Rottin’s Cave, he repeated. Demitri knew the infamous place; a place of dark worship where Burton had told him mages performed sacrifices to appease their Nekrum gods. The southern mountain was still volcanically active and was believed by some to be the gates of the abyss.
Demitri knew it was a prime location to organize and plot against the three kingdoms. The civilized world didn’t dare venture there. It would provide an uninterrupted work zone. And with the heat of the molten lava streaming through the mountain’s deep caverns, he can easily forge tools and weapons for the Nekrum army. But the Nekrums wanted him to build something much more terrifying than an army of armed mages.
When talk about building an army of monsters began, Demitri’s fading consciousness became alert. Bodies? Centuries old? What could they possibly want with corpses? he wondered.
“Reanimation,” the dark voice answered.
If awakening an army of corpses wasn’t startling enough, the lecture that followed was madness. The voice gave instructions for bonding the various internal and external organs of different animal species. It included directions on how to crack bones so as not to damage the marrow within, how to sew together skin of different textures, how to transfer muscle tissue, how to amputate appendages and attach them to foreign bodies, how to re-connect brain tissue to new nerve endings, etc.
He was also given plans to create machines equipped with functions that could calculate and analyze the contents of blood down to a microscopic level—functions that he couldn’t even understand.

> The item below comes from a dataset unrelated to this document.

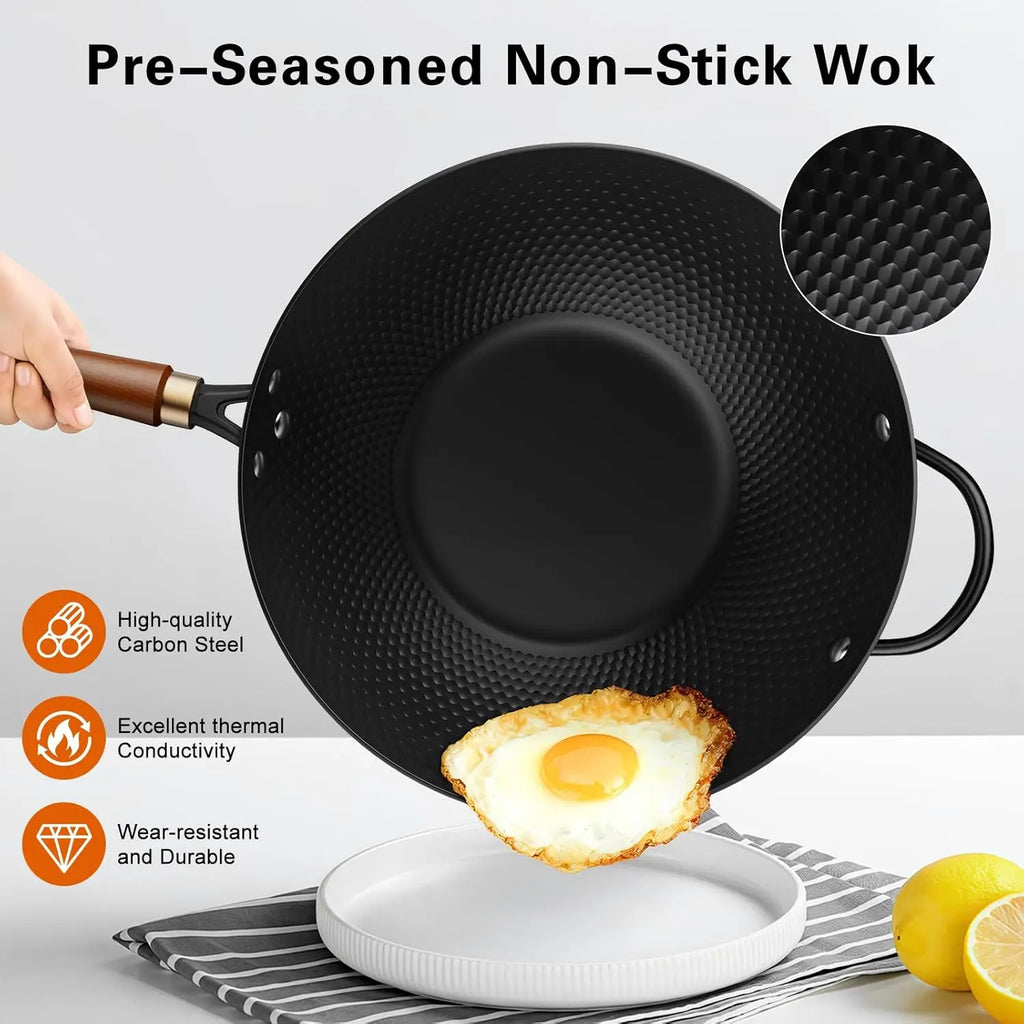 Wok Pan w/ Glass Lid, 13-In Steel Non-stick Induction Compatible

The possibilities of what Demitri could create with this information were endless. His scientific mind began to daydream. What if the venom of a
spider, the teeth of a panther, the claws of a bear, were combined with the body and mind of a man? The possibilities gave him goose bumps.
“You want to impress Burton Lang?”
Demitri hesitated. But it was too hard to deny. “Yes,” he said, accepting the revolting mission.

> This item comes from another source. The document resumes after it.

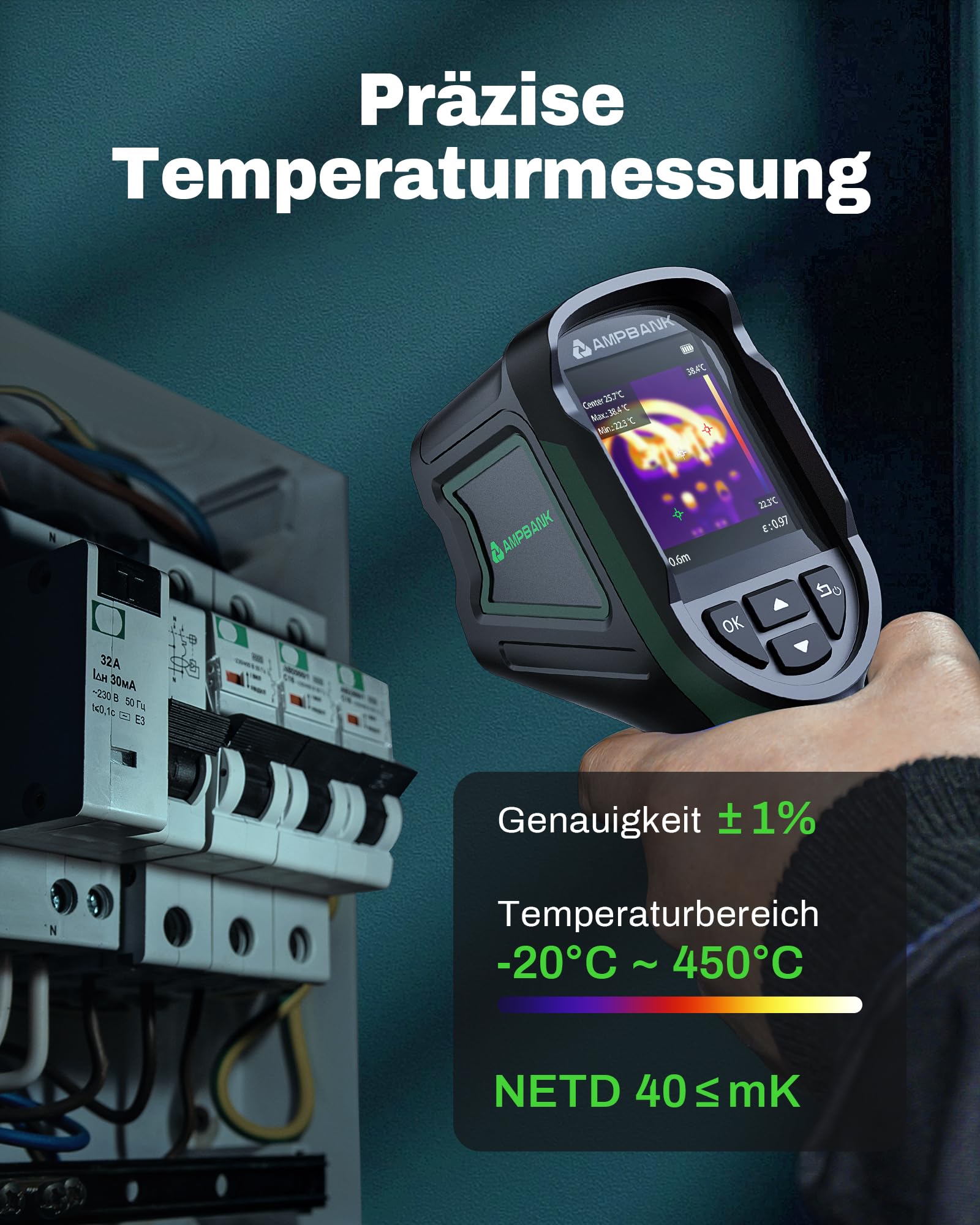 AMPBANK Wärmebildkamera 240x240 TISR-Auflösung, 24-Stunden Akkulaufzeit Handheld Thermal Imaging Camera mit 25Hz Bildwiederholrate, -20℃ bis 450℃, Temperaturalarm, H128 Kompakte Thermal Camera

A HEAVY fog congested the land. Montague La-Rose joined Alexandal and the stampeding Ikarus army and rode hard for twenty minutes to Faux Tower at the tip of the plateau. A pack of hounds led the way.
An open field leading up to the gates was sprayed with blood and strewn with bodies of men torn to pieces. On Alexandal’s signal they relaxed their charging steeds and cautiously approached.

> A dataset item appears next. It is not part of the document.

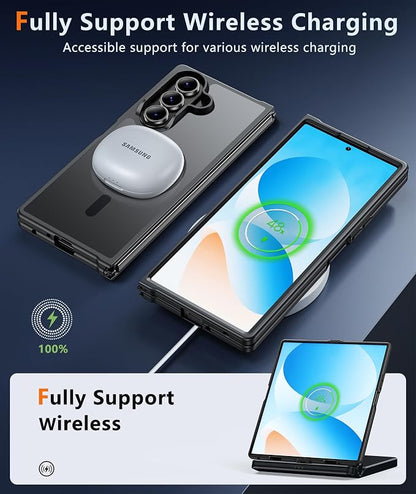 FNTCASE for Samsung Galaxy Z Fold7 Case: [Fit for Magsafe] [Screen Protector] Magnetic Translucent Matte, Military Grade Drop Protection, Shockproof Protective for Fold 7 Phone Cover (Black 8.0 inch)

The tower was completely dark. Its tall, slim column disappeared into a rising fog.
To the sound of two dozen men-at-arms unsheathing their swords, Demitri walked out of the smoky stillness holding the reins of a white horse with red glowing eyes. His face was streaked with blood.
Dear God, Montague said to himself. The pretentious, clean-cut man he once knew now resembled a starving, rabid animal. Demitri was no longer in control of his actions. “I know this isn’t you, Demitri. I know that thing inside is controlling you. And I believe you can still hear me.”
“You know?” Demitri laughed bitterly. “What do you know? Are you accusing me of being some kind of monster from your fantasy books? These men, our own men, attacked me!” he yelled.
“Monster may not be a strong enough word for what you’ve done, you sick son-of-a-bitch. Where are the children?” Alexandal demanded.
“The children are just there,” Demitri said casually, pointing to the wagon tied to two horses. “I saw the fires. I feared another invasion and attempted to take them to safety. I meant them no harm.” He flashed a sinister grin.
“You stole them! Why would you think that taking children against their will, without permission, would be acceptable?” Alexandal asked.